National Institute of Water and Atmospheric Research Ltd (NIWA), P. O. Box 11-115, Hamilton, New Zealand.
Water Res. 2013 Sep 1;47(13):4422-32. doi: 10.1016/j.watres.2013.04.001. Epub 2013 Apr 11.
This paper investigates the effect of recycling on biomass energy yield in High Rate Algal Ponds (HRAPs). Two 8 m(3) pilot-scale HRAPs treating primary settled sewage were operated in parallel and monitored over a 2-year period. Volatile suspended solids were measured from both HRAPs and their gravity settlers to determine biomass productivity and harvest efficiency. The energy content of the biomass was also measured. Multiplying biomass productivity and harvest efficiency gives the 'harvestable biomass productivity' and multiplying this by the energy content defines the actual 'biomass energy yield'. In Year 1, algal recycling was implemented in one of the ponds (HRAPr) and improved harvestable biomass productivity by 58% compared with the control (HRAPc) without recycling (HRAPr: 9.2 g/m(2)/d; HRAPc: 5.8 g/m(2)/d). The energy content of the biomass grown in HRAPr, which was dominated by Pediastrun boryanum, was 25% higher than the control HRAPc which contained a mixed culture of 4-5 different algae (HRAPr: 21.5 kJ/g; HRAPc: 18.6 kJ/g). In Year 2, HRAPc was then seeded with the biomass harvested from the P. boryanum dominated HRAPr. This had the effect of shifting algal dominance from 89% Dictyosphaerium sp. (which is poorly-settleable) to over 90% P. boryanum in 5 months. Operation of this pond was then switched to recycling its own harvested biomass, which maintained P. boryanum dominance for the rest of Year 2. This result confirms, for the first time in the literature, that species control is possible for similarly sized co-occurring algal colonies in outdoor HRAP by algal recycling. With regard to the overall improvement in biomass energy yield, which is a critical parameter in the context of algal cultivation for biofuels, the combined improvements that recycling triggered in biomass productivity, harvest efficiency and energy content enhanced the harvested biomass energy yield by 66% (HRAPr: 195 kJ/m(2)/day; HRAPc: 118 kJ/m(2)/day).
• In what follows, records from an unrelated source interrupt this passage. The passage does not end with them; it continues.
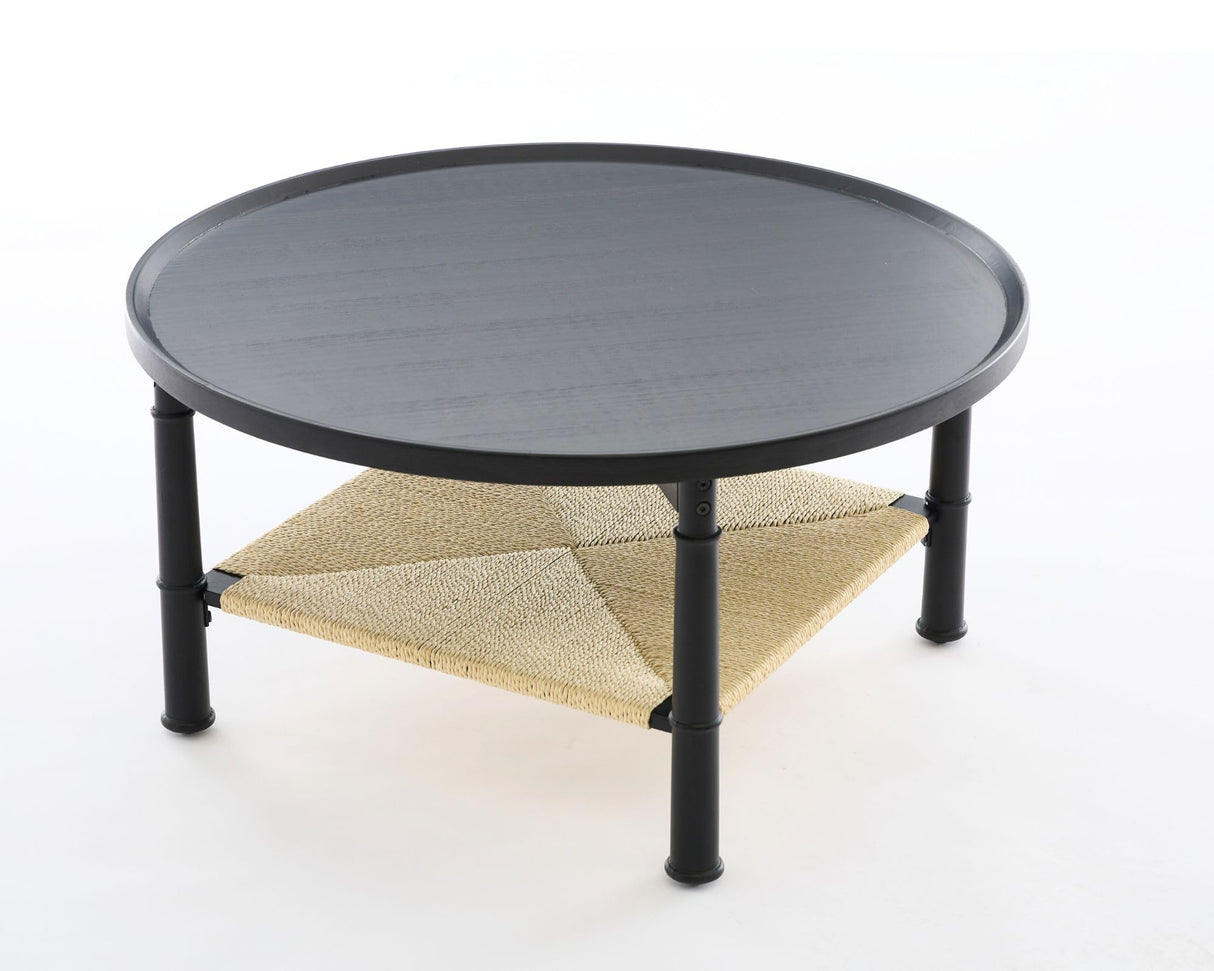 32" Round Coffee Table for Living Room, 2-Tier Small Living Room Table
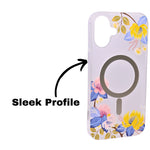 Transparent Floral MagSafe Compatible Phone Case for iPhone 16 Plus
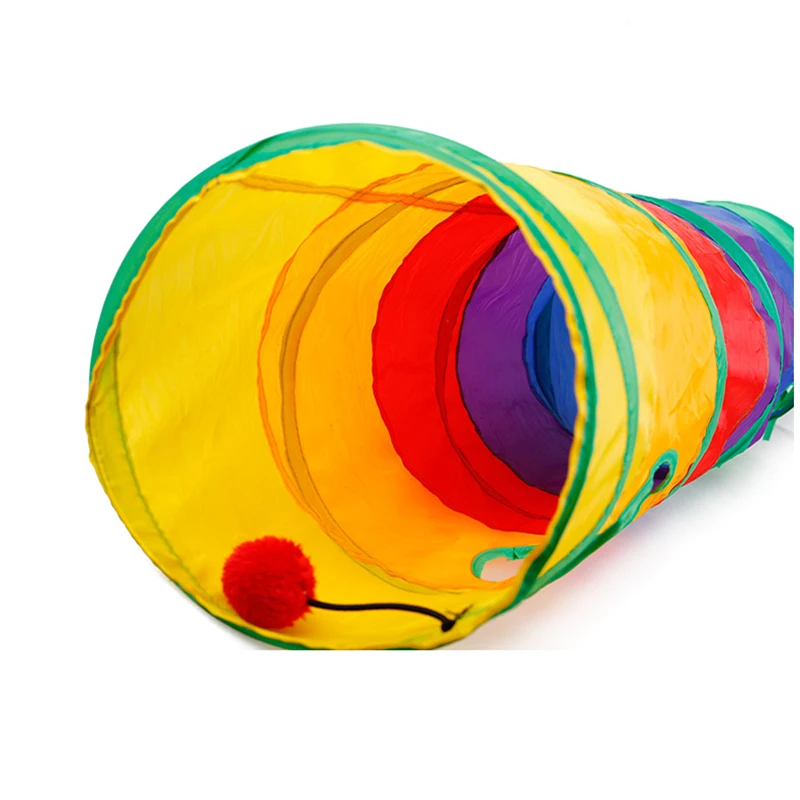 Складной туннель для кошек с 2 отверстиями красочные комнатные и уличные игрушки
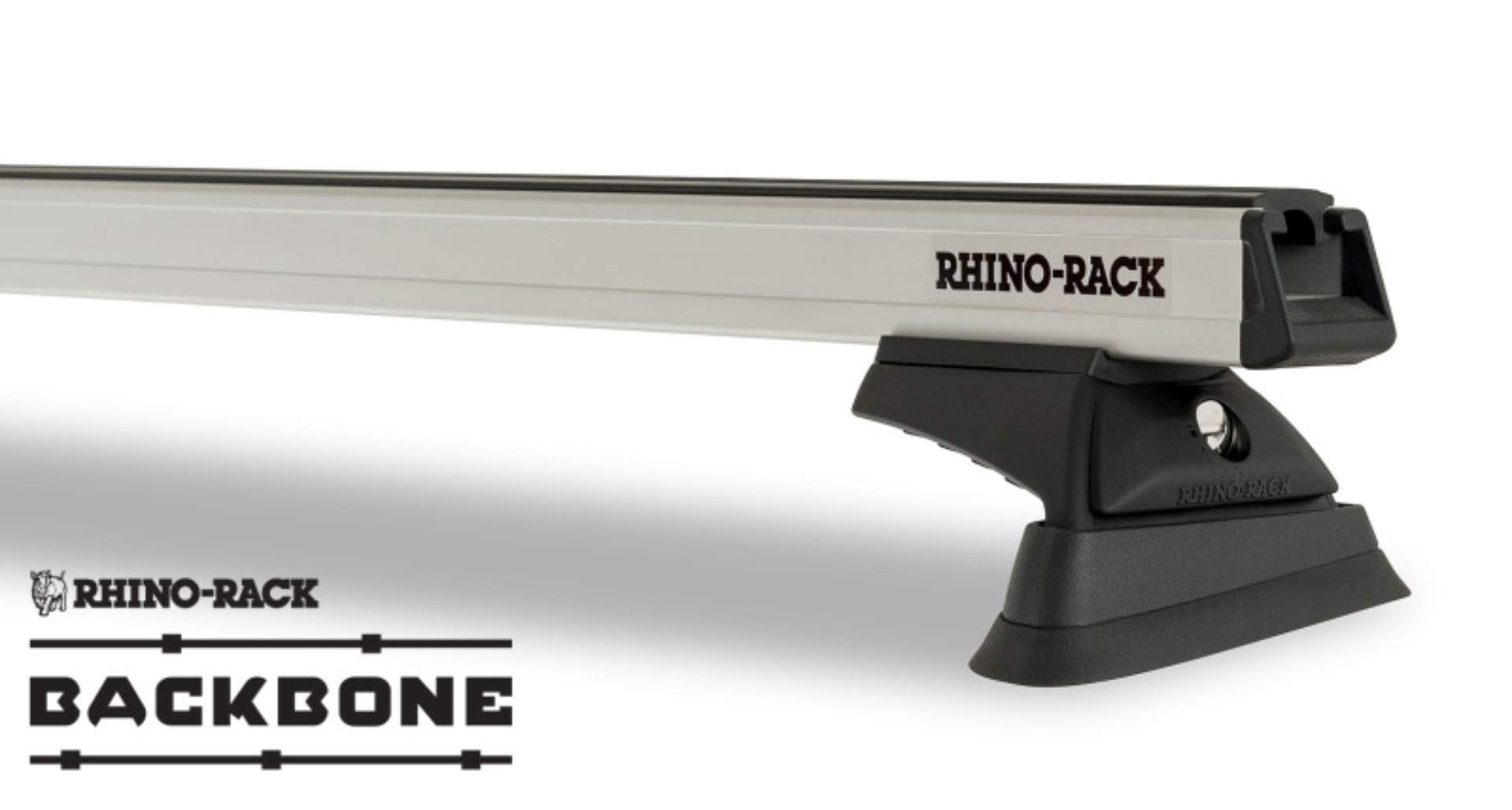 Picture of Rhino-Rack 18-21 Jeep Wrangler 4 Door SUV Heavy Duty RCL 3 Bar Backbone Roof Rack - Silver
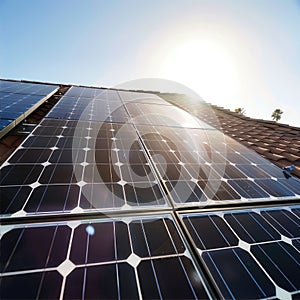 Sky-high solar panels on roof harness sunlight for energy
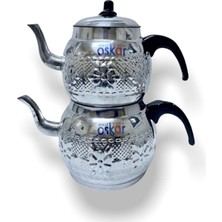 PremiumPort Alüminyum Desenli Çaydanlık 3,2 Litre, 7 Kişilik, Şık ve Dayanıklı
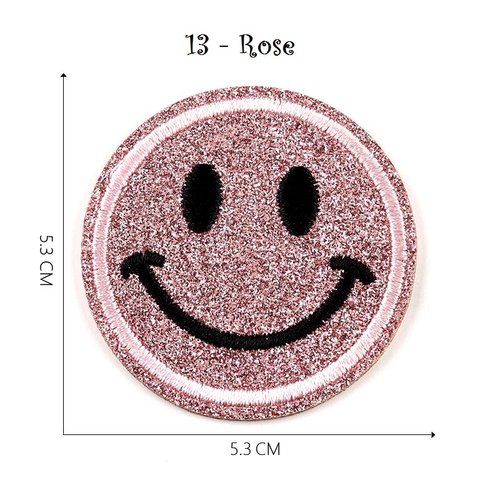 Écusson patch scintillant, tête ronde sourire / 13 - rose ** 5,3 cm ** applique thermocollante, applique à repasser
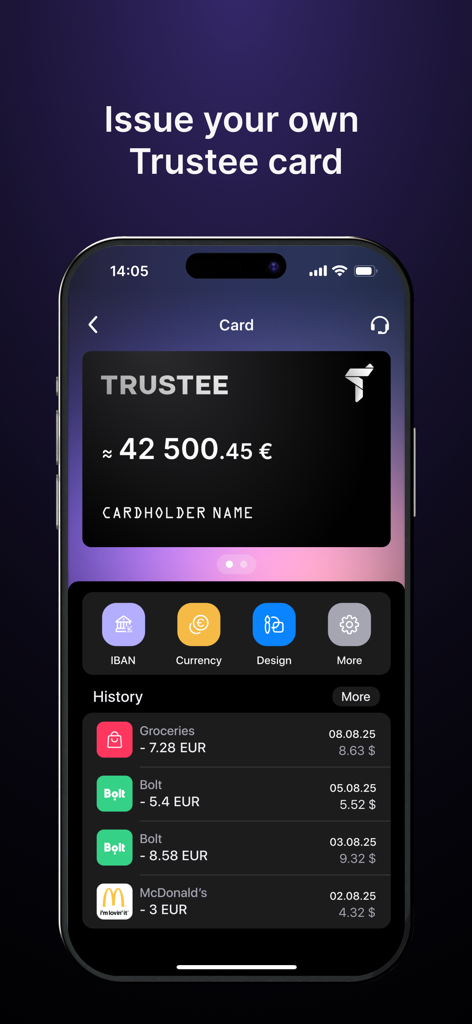 Trustee Plus | Wallet & Card - Smartphone screen displaying the Trustee Plus app interface with a virtual payment card and transaction history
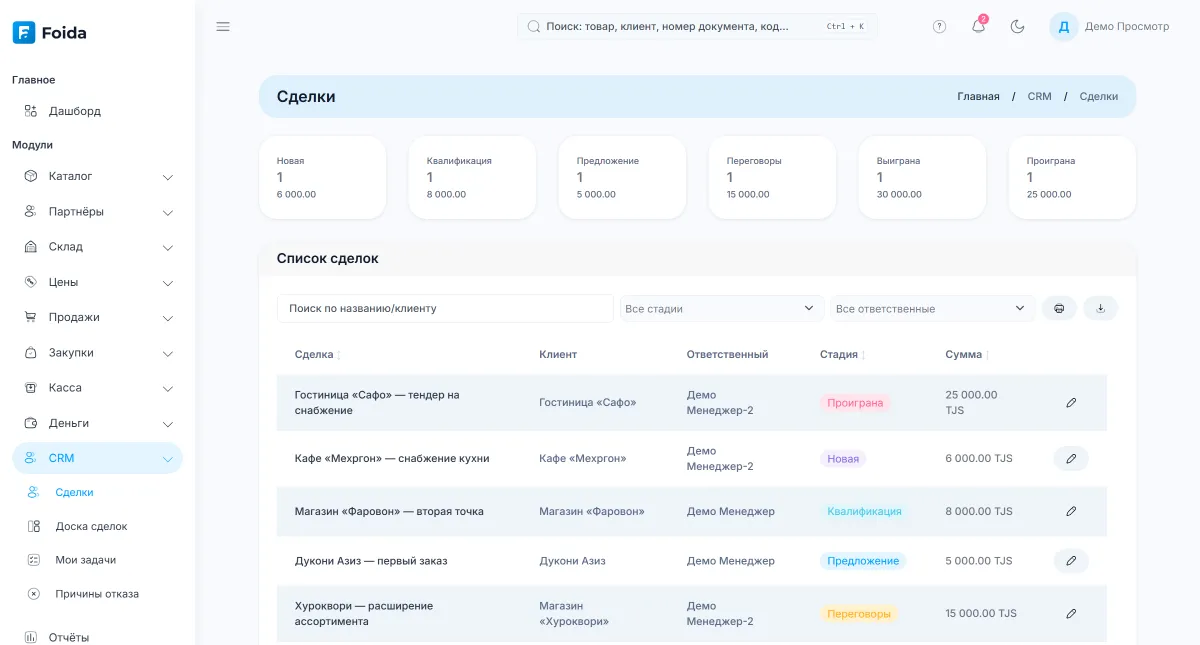 Сделки Foida: воронка, этапы, клиенты и суммы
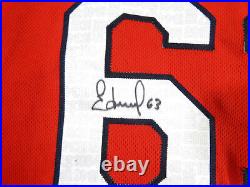 2018 St. Louis Cardinals Edmundo Sosa #63 Game Issued Signed Red Jersey 46 3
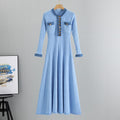 Robe femme bleue maille côtelée - empiècements jean et coupe cintrée élégante MAX for ME
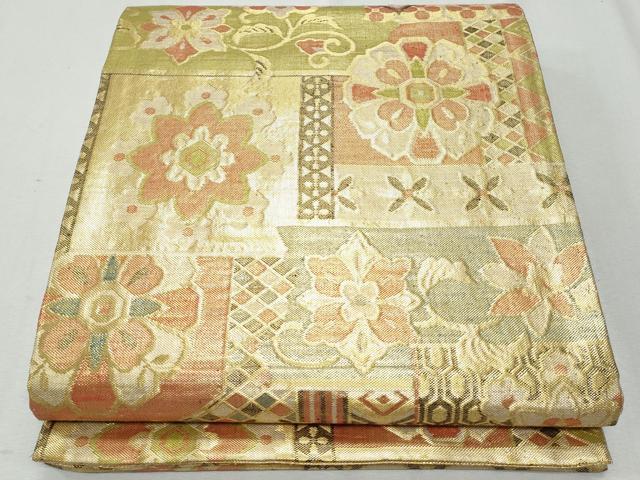 平和屋着物◎佐賀錦 六通柄袋帯 吉祥花文 金糸 正絹 逸品 CAAY7611fb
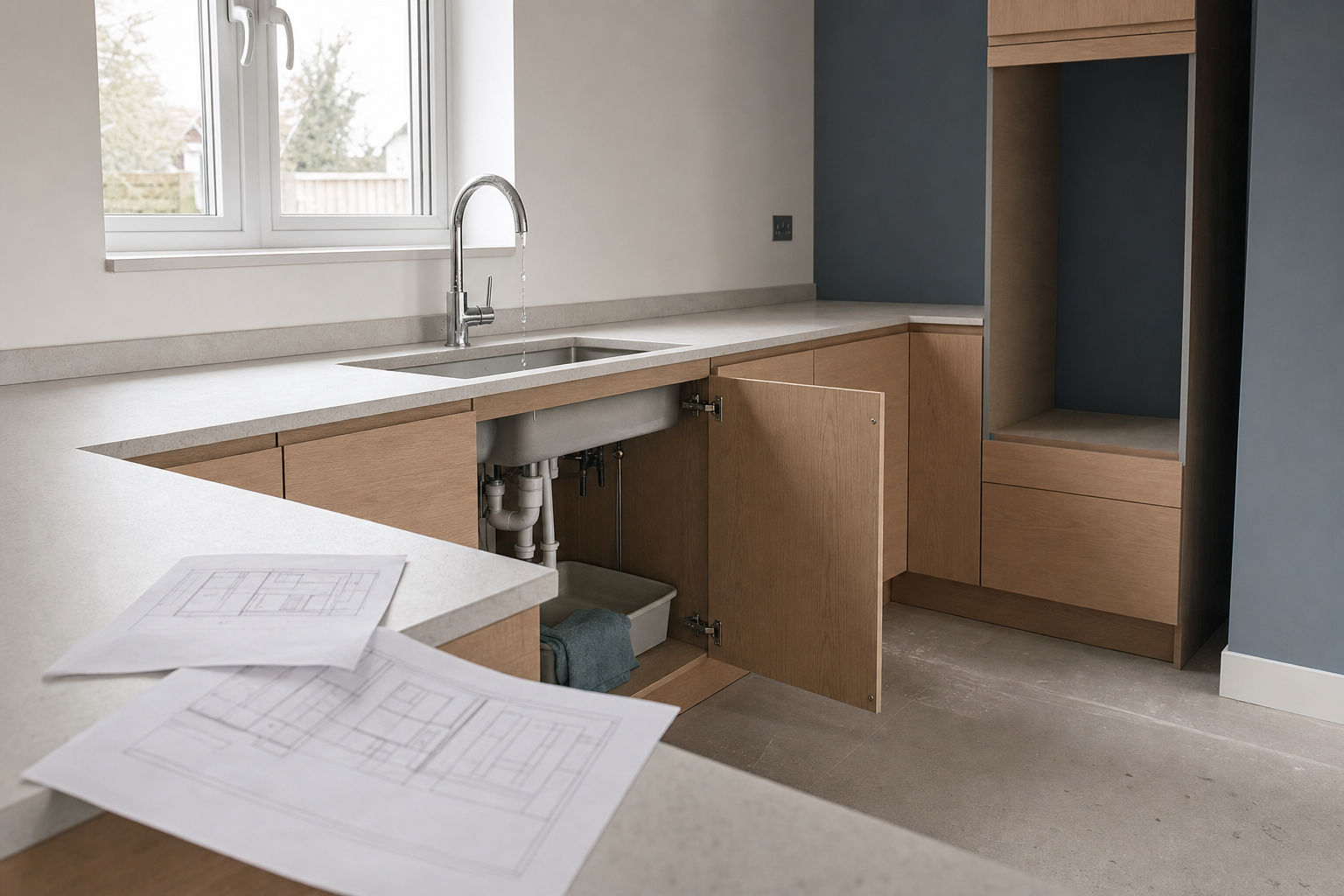 Modern kitchen interior with wooden cabinets, open door under the sink, and architectural plans on the counter.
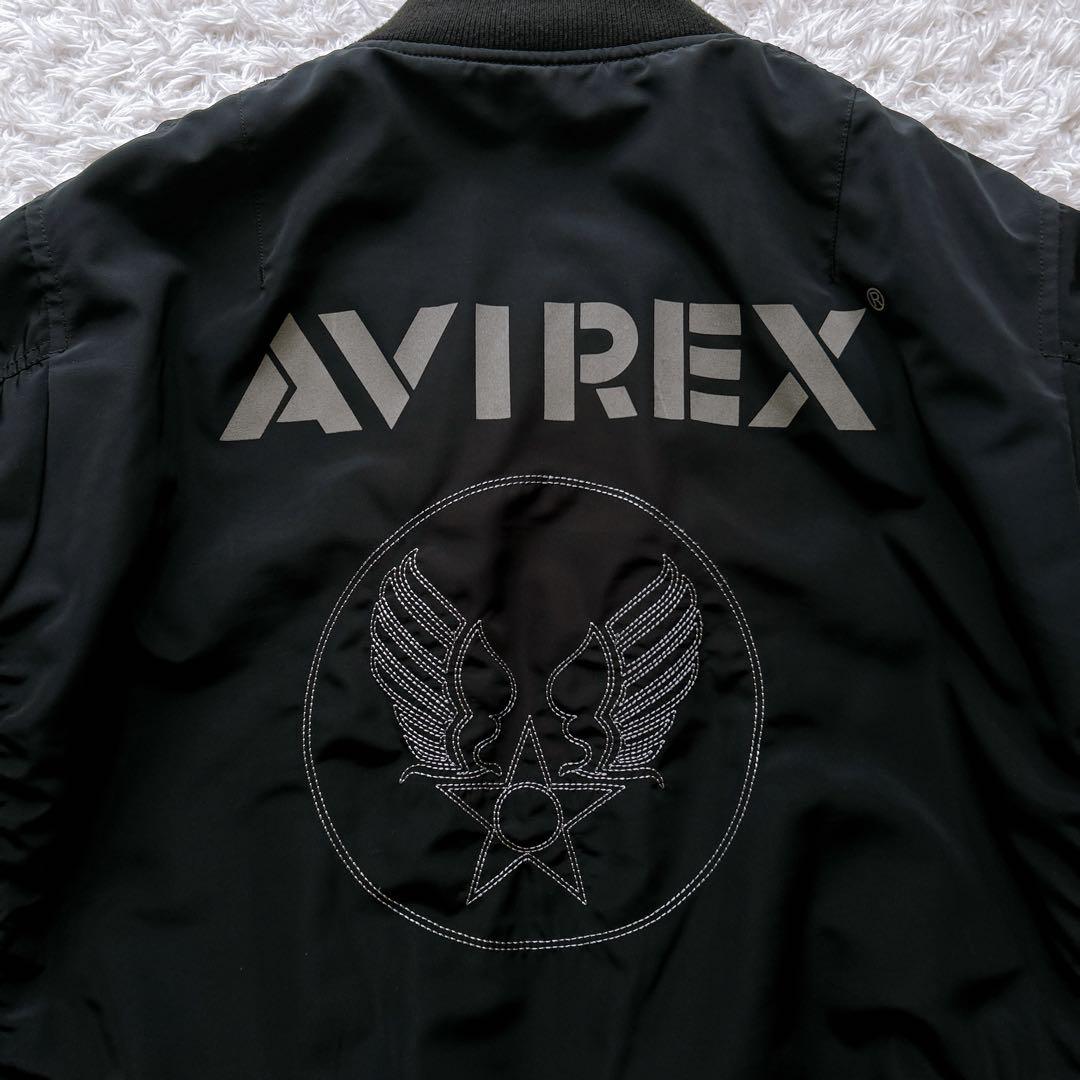 人気✨avirex リバーシブル　刺繍　ブラック　ma-1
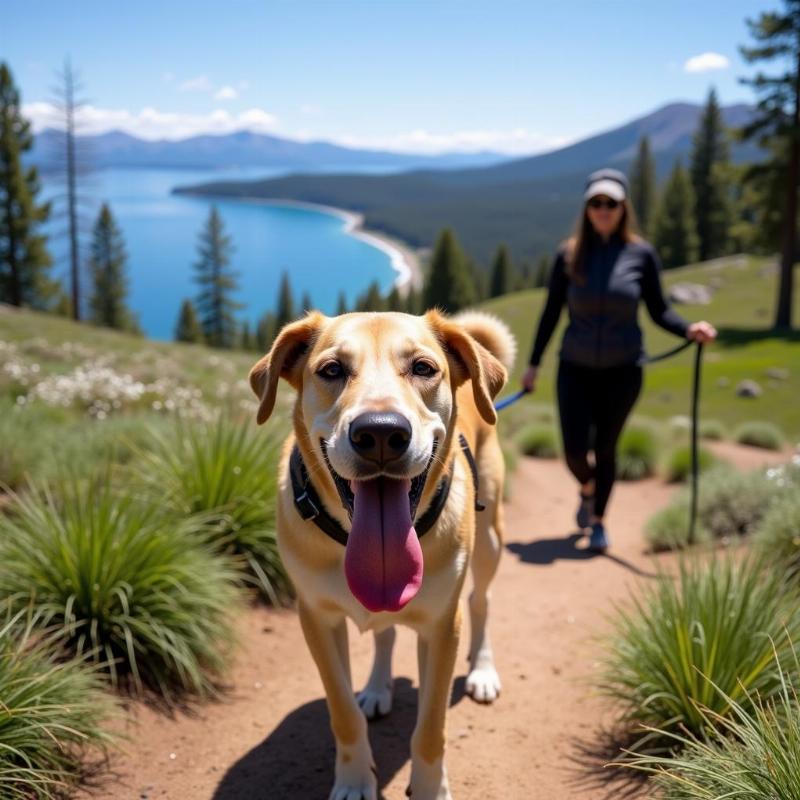 Chó đi bộ đường dài trên đường mòn Lake Tahoe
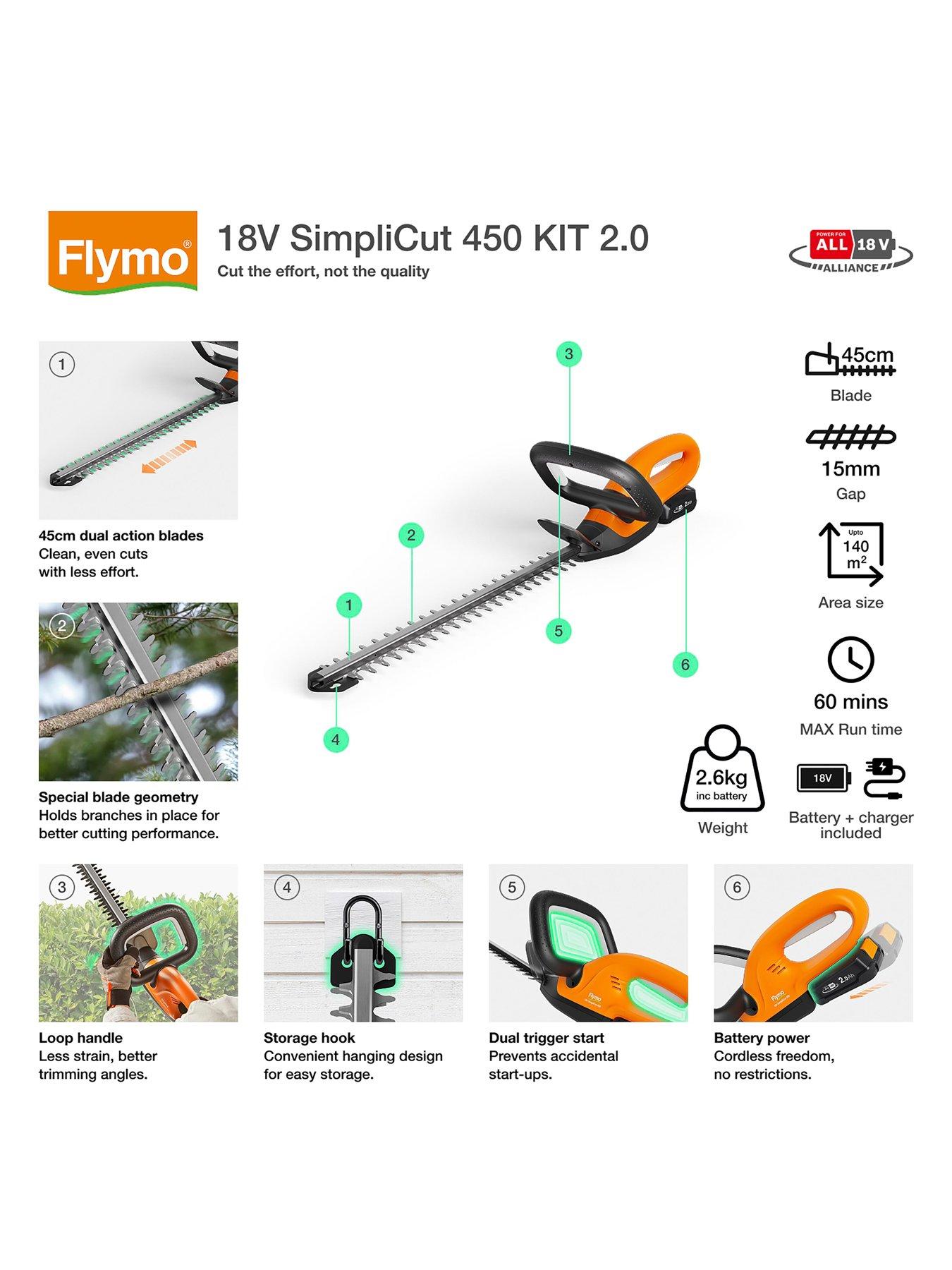 flymo-18v-simplicut-450-cordless-hedge-trimmerstillFront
本文研究了回收利用对高负荷藻塘(HRAPs)生物质能源产量的影响。两个 8 立方米的中试 HRAPs 平行运行,处理初沉污水,监测时间超过 2 年。从两个 HRAPs 和它们的重力沉降器中测量挥发性悬浮固体,以确定生物质生产力和收获效率。还测量了生物质的能量含量。生物质生产力和收获效率的乘积给出了“可收获生物质生产力”,乘以能量含量则定义了实际的“生物质能源产量”。在第 1 年,在其中一个池塘(HRAPr)中实施了藻类回收,与没有回收的对照(HRAPc)相比,可收获生物质生产力提高了 58%(HRAPr:9.2 g/m2/d;HRAPc:5.8 g/m2/d)。在 HRAPr 中生长的生物质的能量含量更高,HRAPr 中生长的生物质主要由 Pediastrum boryanum 组成,而对照 HRAPc 中则含有 4-5 种不同藻类的混合培养物(HRAPr:21.5 kJ/g;HRAPc:18.6 kJ/g),高出 25%。在第 2 年,将从 P. boryanum 占主导地位的 HRAPr 中收获的生物质播种到 HRAPc 中。这导致藻类优势从难以沉降的 Dictyosphaerium sp.的 89%转变为 5 个月后超过 90%的 P. boryanum。该池塘的运行随后切换到回收其自身收获的生物质,这使 P. boryanum 在第 2 年的剩余时间内保持优势。这一结果首次在文献中证实,通过藻类回收,户外 HRAP 中类似大小的共存藻类群落的物种控制是可能的。就生物质能源产量的整体提高而言,这是藻类培养用于生物燃料的一个关键参数,回收在生物质生产力、收获效率和能量含量方面引发的综合提高,使收获的生物质能源产量提高了 66%(HRAPr:195 kJ/m2/天;HRAPc:118 kJ/m2/天)。